- _What you have to do_
Write out the entries below exactly. End with the line that contains "Lynora Jewellery Necklace".

- _Records to use_
[Start of Attachment]
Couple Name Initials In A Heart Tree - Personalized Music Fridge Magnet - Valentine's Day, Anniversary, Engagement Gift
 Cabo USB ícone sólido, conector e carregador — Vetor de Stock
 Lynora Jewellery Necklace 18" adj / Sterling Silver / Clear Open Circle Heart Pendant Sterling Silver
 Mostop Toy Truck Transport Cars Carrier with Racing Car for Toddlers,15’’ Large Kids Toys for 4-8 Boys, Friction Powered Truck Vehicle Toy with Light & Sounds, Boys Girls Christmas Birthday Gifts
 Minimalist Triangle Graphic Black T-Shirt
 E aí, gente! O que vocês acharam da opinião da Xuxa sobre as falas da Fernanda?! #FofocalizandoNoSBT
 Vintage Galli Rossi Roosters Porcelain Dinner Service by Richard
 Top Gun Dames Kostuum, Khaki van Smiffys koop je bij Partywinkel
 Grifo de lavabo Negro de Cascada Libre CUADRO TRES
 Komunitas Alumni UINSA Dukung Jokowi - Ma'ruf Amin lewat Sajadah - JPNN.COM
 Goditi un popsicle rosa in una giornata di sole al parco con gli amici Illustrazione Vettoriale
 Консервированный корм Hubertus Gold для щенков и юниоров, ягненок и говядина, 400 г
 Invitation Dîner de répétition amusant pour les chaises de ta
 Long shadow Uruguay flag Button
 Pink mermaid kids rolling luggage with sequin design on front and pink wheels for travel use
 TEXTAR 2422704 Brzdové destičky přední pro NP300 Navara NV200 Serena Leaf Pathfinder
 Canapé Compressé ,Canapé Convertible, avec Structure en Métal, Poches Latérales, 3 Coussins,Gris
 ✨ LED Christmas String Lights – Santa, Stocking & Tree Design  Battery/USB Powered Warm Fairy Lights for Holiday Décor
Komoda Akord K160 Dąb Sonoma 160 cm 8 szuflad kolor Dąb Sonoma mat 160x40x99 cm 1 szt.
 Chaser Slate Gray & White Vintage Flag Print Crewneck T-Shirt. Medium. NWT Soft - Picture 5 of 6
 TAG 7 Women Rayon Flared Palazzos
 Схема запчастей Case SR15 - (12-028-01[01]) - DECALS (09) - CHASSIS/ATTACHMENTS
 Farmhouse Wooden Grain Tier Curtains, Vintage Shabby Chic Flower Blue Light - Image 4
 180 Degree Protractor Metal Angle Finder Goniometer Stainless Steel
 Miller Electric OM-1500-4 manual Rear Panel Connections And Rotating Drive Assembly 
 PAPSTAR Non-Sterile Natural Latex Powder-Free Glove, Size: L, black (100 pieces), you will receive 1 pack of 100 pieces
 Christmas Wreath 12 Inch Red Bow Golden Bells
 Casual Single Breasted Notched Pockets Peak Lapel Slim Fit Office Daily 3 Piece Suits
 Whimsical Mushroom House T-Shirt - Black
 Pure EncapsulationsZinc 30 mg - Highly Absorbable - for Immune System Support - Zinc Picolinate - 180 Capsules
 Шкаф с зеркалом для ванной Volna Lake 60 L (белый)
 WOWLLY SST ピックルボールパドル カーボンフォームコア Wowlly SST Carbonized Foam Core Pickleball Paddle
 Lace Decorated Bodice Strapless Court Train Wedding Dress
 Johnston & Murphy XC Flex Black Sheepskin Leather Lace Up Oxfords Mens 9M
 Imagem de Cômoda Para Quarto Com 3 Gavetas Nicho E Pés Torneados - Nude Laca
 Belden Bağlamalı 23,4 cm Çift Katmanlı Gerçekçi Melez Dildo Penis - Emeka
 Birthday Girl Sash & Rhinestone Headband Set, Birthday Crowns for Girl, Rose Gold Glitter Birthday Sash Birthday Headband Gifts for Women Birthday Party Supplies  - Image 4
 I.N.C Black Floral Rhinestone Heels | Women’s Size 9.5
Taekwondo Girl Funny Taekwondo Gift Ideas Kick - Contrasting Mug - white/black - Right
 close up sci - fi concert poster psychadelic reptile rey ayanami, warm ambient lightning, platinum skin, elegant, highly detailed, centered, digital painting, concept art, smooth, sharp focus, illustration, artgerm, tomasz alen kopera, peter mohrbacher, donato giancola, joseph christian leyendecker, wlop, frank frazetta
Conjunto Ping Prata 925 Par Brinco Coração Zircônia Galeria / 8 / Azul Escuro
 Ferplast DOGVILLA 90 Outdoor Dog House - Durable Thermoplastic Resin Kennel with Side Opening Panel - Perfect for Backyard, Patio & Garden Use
[End of Attachment]
- _Solution to this problem_
Couple Name Initials In A Heart Tree - Personalized Music Fridge Magnet - Valentine's Day, Anniversary, Engagement Gift
 Cabo USB ícone sólido, conector e carregador — Vetor de Stock
 Lynora Jewellery Necklace 18" adj / Sterling Silver / Clear Open Circle Heart Pendant Sterling Silver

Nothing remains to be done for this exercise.